How Lacework detects each attack technique on the Kubernetes threat matrix
Microsoft’s threat matrix for Kubernetes offers a detailed framework outlining potential security risks associated with Kubernetes deployments. While this matrix provides clarity on what to watch out for, translating that knowledge into practical defense strategies isn’t always straightforward. In this blog, we explore how the Lacework platform helps cloud users effectively detect Kubernetes threats and mitigate them promptly.
Kubernetes threats and the role of MITRE
MITRE publishes attack matrices, which are widely used in the security industry to classify security events into different stages of an attack, for multiple environments. The matrices also help companies ensure they have security countermeasures to cover attacks. There is no official threat matrix for Kubernetes; however, Microsoft published its own version of the threat matrix for Kubernetes in 2020 and a revised version in 2021. While not official, it’s a helpful tool for understanding the potential risks specific to Kubernetes.

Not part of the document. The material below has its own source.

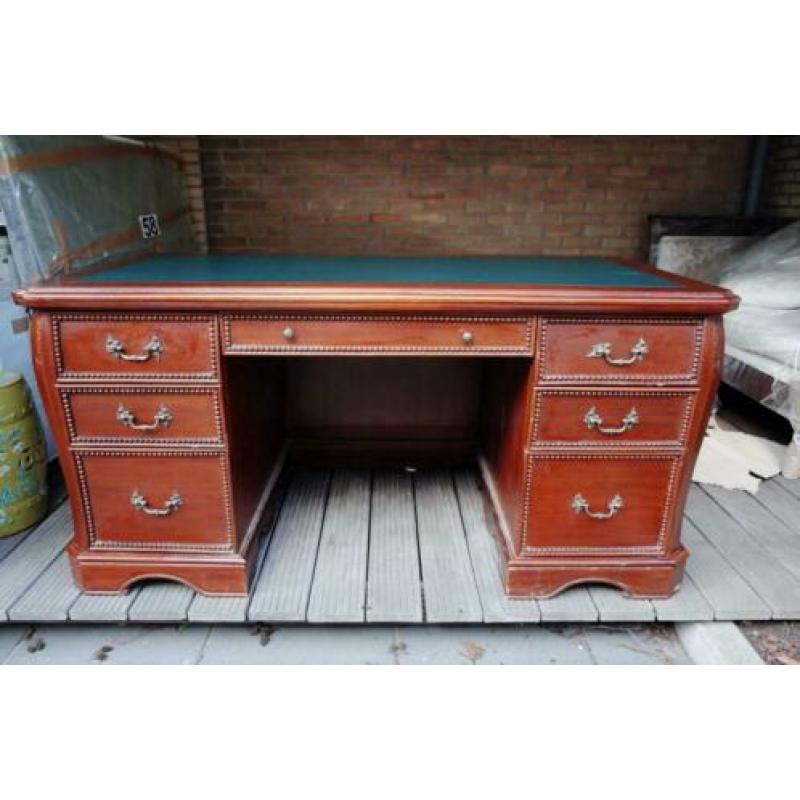 Chesterfield bureau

See the matrix below (Figure 1).
Figure 1: The unofficial threat matrix for Kubernetes (Source: Microsoft)
Comprehensive coverage from Lacework
Microsoft’s threat matrix classifies attacks into 10 stages, from “Initial Access” to “Impact” (e.g., breach). It’s important to note that not all attacks will use techniques from all 10 stages. For example, there might not be a lateral movement to expand the scope of the impact.

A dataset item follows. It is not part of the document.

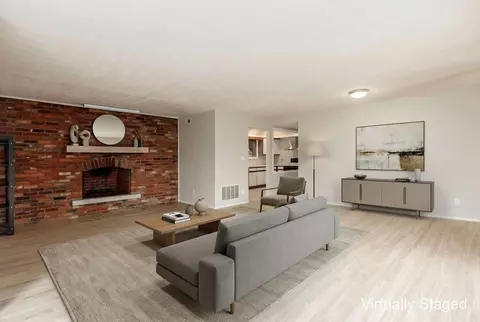 1512 Lafayette Dr # B, Upper Arlington, OH 43220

It is critical to have a security solution for Kubernetes that can detect attack techniques across as many stages as possible. Because these attack techniques occur at different layers of Kubernetes (container, node level, Kubernetes API, cloud, etc.), an effective tool must monitor many different aspects of Kubernetes through a single pane of glass, including:
- Network connections and processes that rely on an agent for complete visibility inside the containers
- Kubernetes resources that rely on Kubernetes audit logs or an admission controller
- Cloud access that requires visibility into cloud activities and configuration
To be effective, tools must also be able to scale to process millions of events given the ephemeral nature of containers. The Lacework platform processes millions of observations to find the most relevant security events for customers. To do so, it incorporates several security components and techniques:
- The agent: A Kubernetes daemonset that provides visibility into all processes running in the containers and on the nodes, including network connections
- Kubernetes audit log monitoring: Tracks all new resources (workloads, K8s RBAC, Network exposure, etc.)

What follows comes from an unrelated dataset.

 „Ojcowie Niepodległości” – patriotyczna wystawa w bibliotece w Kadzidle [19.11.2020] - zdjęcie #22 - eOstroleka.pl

- Kubernetes compliance (e.g., the CIS Benchmark for Kubernetes): Highlights unsafe configurations
- Vulnerability management: Provides deep insights into all packages and libraries installed in a container image
- Cloud audit log monitoring: Uses cloud log streams (e.g., the AWS Audit Trail) that detect user activities and access to sensitive cloud resources
Importance of continuous monitoring
The importance of continuous monitoring becomes obvious when compiling the data: agent and the Kubernetes audit log monitoring cover 37 of the 45 techniques (82%). Traditional security posture management tools, such as vulnerability and compliance management, play a small role as each focuses on hardening Kubernetes clusters, not detecting live attacks.
Lacework provides a comprehensive security solution for Kubernetes, which includes hardening controls from code to runtime. It can detect attacks at all three layers: hosts, containers, and cluster.